Specifying Electrorad products with ‘SAP’
the government Standard Assessment Procedure
What is SAP?
SAP stands for ‘Standard Assesment Procedure’ and is the government standard for assessing the energy efficiency of properties. Every new build property has to meet pre determined SAP target scores. From the SAP assessment an EPC ‘Energy Performance Certificate’ can be generated.
How does SAP work?
Within SAP every product or material used in the building of a property is rated for energy efficiency. The ratings are compiled by the government in conjunction with BRE ( Buildings Research Establishment ). All products and materials are entered in to the SAP equation and a property energy efficiency rating and carbon emission rating is generated.
Electric Radiators & SAP
Electric radiators are included within SAP as an option for the primary heating of a property. Electric radiators are rated in SAP as 100% energy efficient and very responsive. There are options for which electricity tariff to use. If a standard tariff is specified, then the running costs are calculated as quite high and a poorer score is achieved. Economy 10 tariff can be selected and this allows in SAP for 50% of the running costs to be calculated at cheap rate electricity resulting in more favourable theoretical running costs and a more favourable SAP score.
Whichever electric radiators you choose, the SAP rating is the same. This is due to the conversion of electricity to heat being always 100% efficient in all electrical resistance element heating. The material the radiator is made from i.e. Aluminium or Steel and what is inside the radiator ( fluid, oil, water, fireclay, brick, etc ) does not make any difference to the energy efficiency or the SAP rating. These different materials only make small differences to the responsiveness of the radiators i.e. faster or slower heat up times.
The carbon emissions in SAP from using electric radiators are unfortunately deemed to be quite high. At the point of use there are no carbon emissions but the U.K. power stations are typically burning fossil fuels to create electricity and this is a very inefficient process. Only around 40% of the fuel burned is converted to electricity. It is theoretically possible for an electric radiator system to be carbon neutral by using or specifying electricity from renewable sources i.e. solar, wind, wave, nuclear etc. SAP does not currently have any way to account for this choice. It is assumed that regular grid electricity is used and currently 51% of that electricity is from gas turbine power stations.

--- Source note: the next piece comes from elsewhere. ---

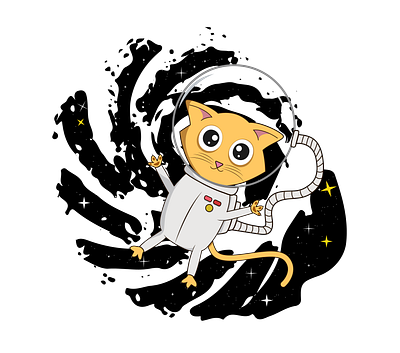 Cat in Outer Space art branding cartoon character design flat graphic design illustration illustrator print typography vector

Holistic view on specification
Specifying electric radiators will give a less favourable SAP score than specifying an A rated gas boiler heating system. In order to meet the overall SAP target, other factors need to be looked at. You may need to add more ‘positives’ to outweigh the ‘negative’. For example – extra insulation, higher energy efficiency rated windows and doors, solar thermal, solar PV. Generally lower U value materials for the external envelope will go a long way to achieving the target.